Dito isto, “o terrorista de um homem é o combatente da liberdade de outro homem”, como diz outro ditado clichê, então é inevitável que alguns governos possam definir subjetivamente ações e movimentos não-terroristas como ligados ao terrorismo, a fim de justificar uma resposta desproporcional contra eles. Não há solução de bala de prata para evitar que isso aconteça ou responder adequadamente quando acontece, já que tais designações podem continuar a ser discutíveis, dependendo da perspectiva de cada um.

Seja como for, há algumas ações que são inquestionavelmente de natureza terrorista, tais como matar (para não mencionar decapitar) membros dos serviços de segurança, apreender e queimar edifícios do governo, tomar conta de aeroportos e incendiar a cidade de forma irresponsável. Não deveria haver nenhuma reserva em apoiar a resposta de um Estado alvo desses atos terroristas, pois politizar implicitamente colocaria um do lado dos terroristas exatamente como aqueles que são contra a missão cazaque da CSTO.

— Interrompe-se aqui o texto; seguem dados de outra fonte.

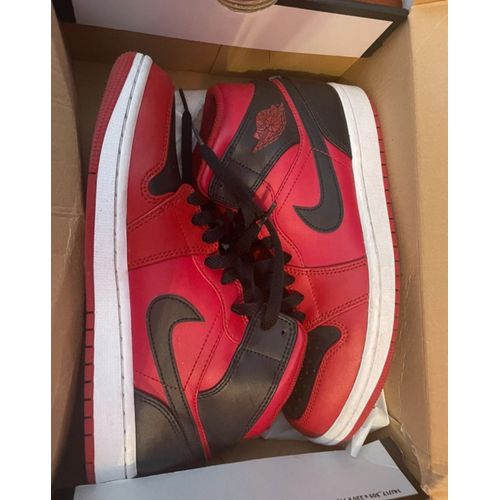 Air Jordan 1 Mid Rouge Et Noir - 40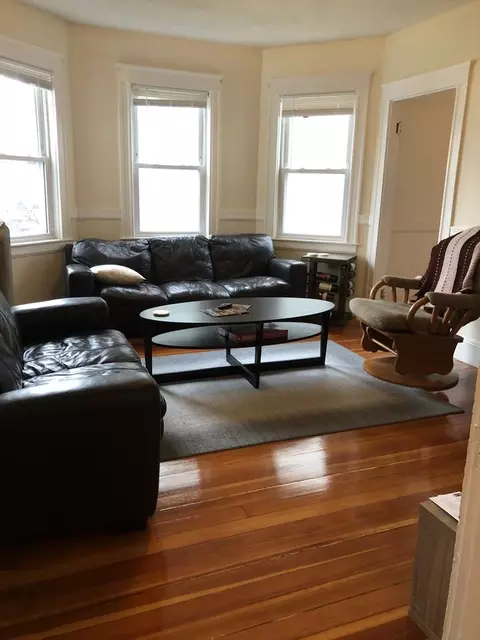 130 Central St #1, Somerville, MA 02143
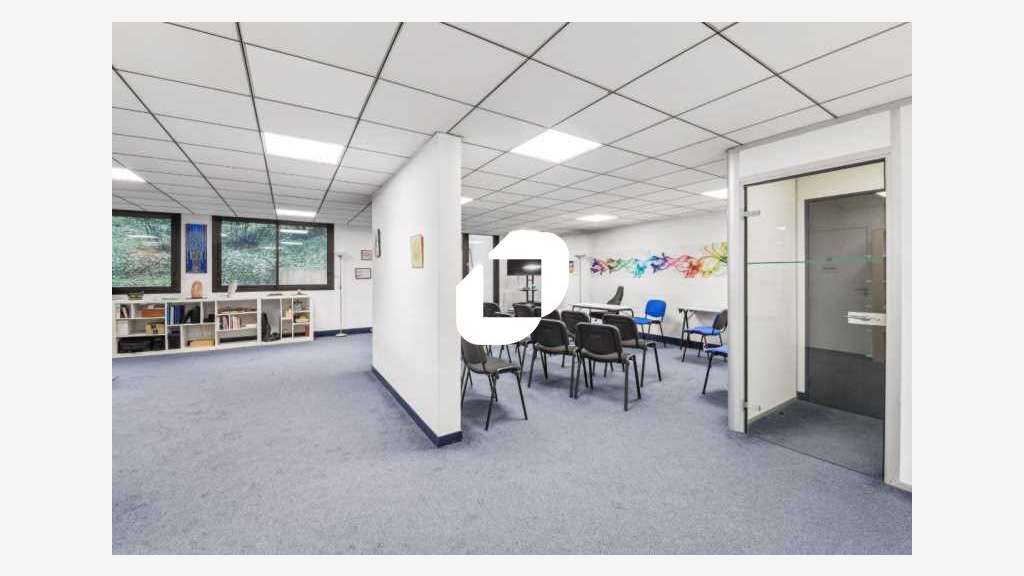 A louer Bureaux 260m² Paris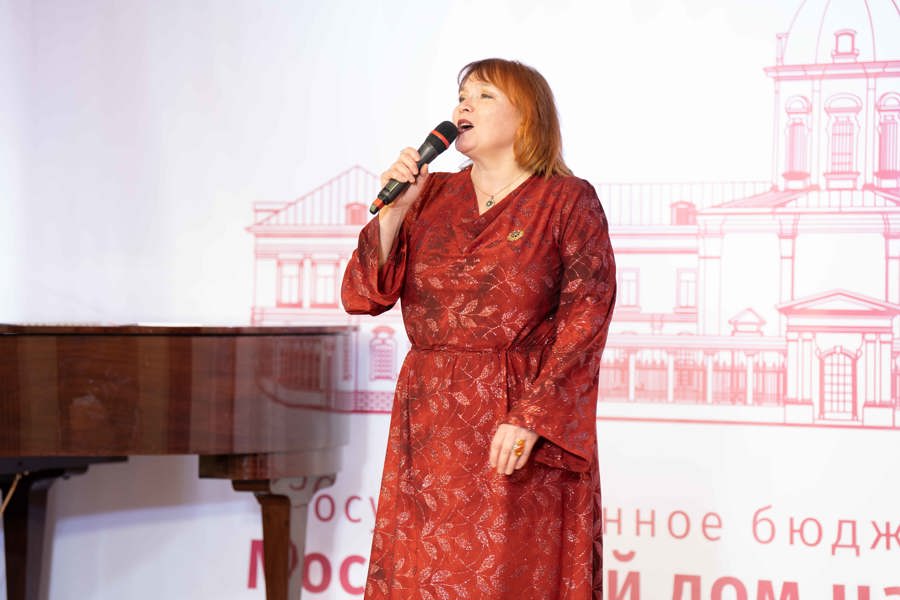 В ГБУ «Московский дом национальностей» прошел творческий вечер чувашской певицы и поэта Валентины Семёновой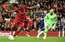 "Liverpool" uzbrucējs Staridžs mīklainā veidā netrāpa bumbu tukšos "Chelsea" vārtos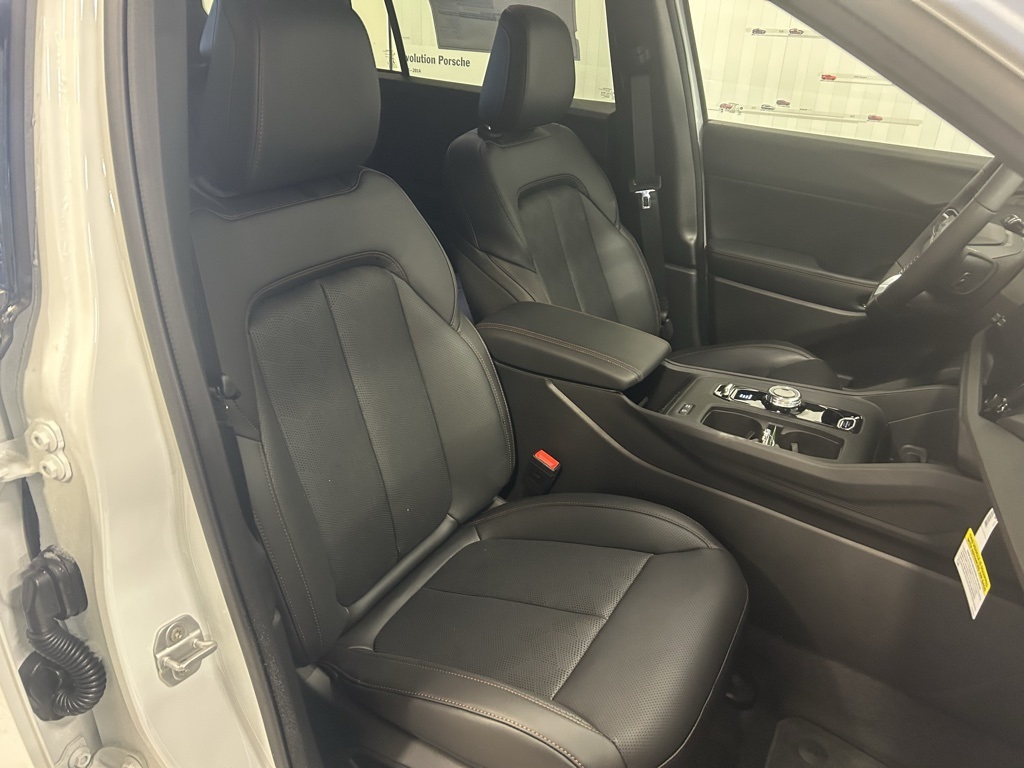 new 2026 Jeep Cherokee car, priced at $45,990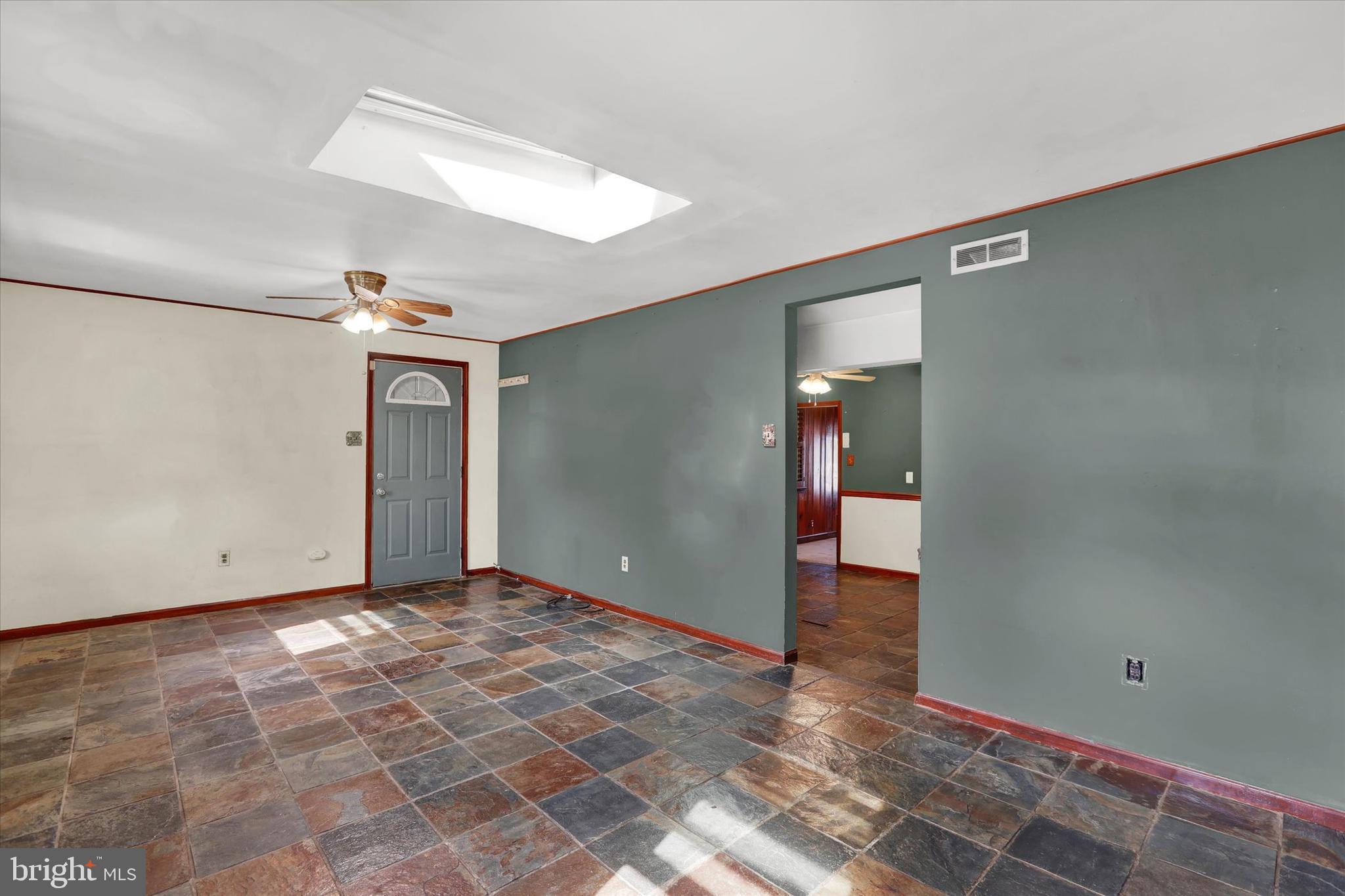 709 West County Line Road Horsham, PA 19044 - Photo 5 of 20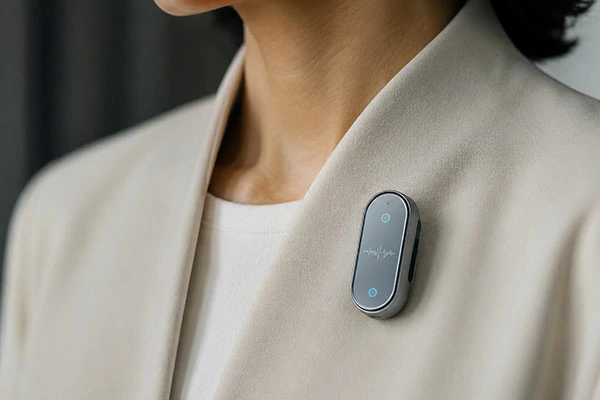 Grey display glass for smart wearable devices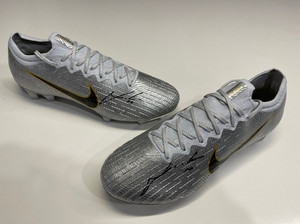 莫德里奇双签nike足球鞋,18年金球限定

A ideia é que os dois pesos e duas medidas ideologicamente direcionados para o emprego das tecnologias da Revolução Colorida como um meio para qualquer fim não desaparecerá no nível da sociedade civil, mas possivelmente poderá ser regulado no nível intergovernamental, mesmo que apenas através de um “acordo de cavalheiros”. Aqueles que expressam padrões duplos flagrantes em direção a diferentes Revoluções Coloridas sem explicar de forma convincente o porquê devem ser chamados de hipócritas e desacreditados como os piratas partidários que são.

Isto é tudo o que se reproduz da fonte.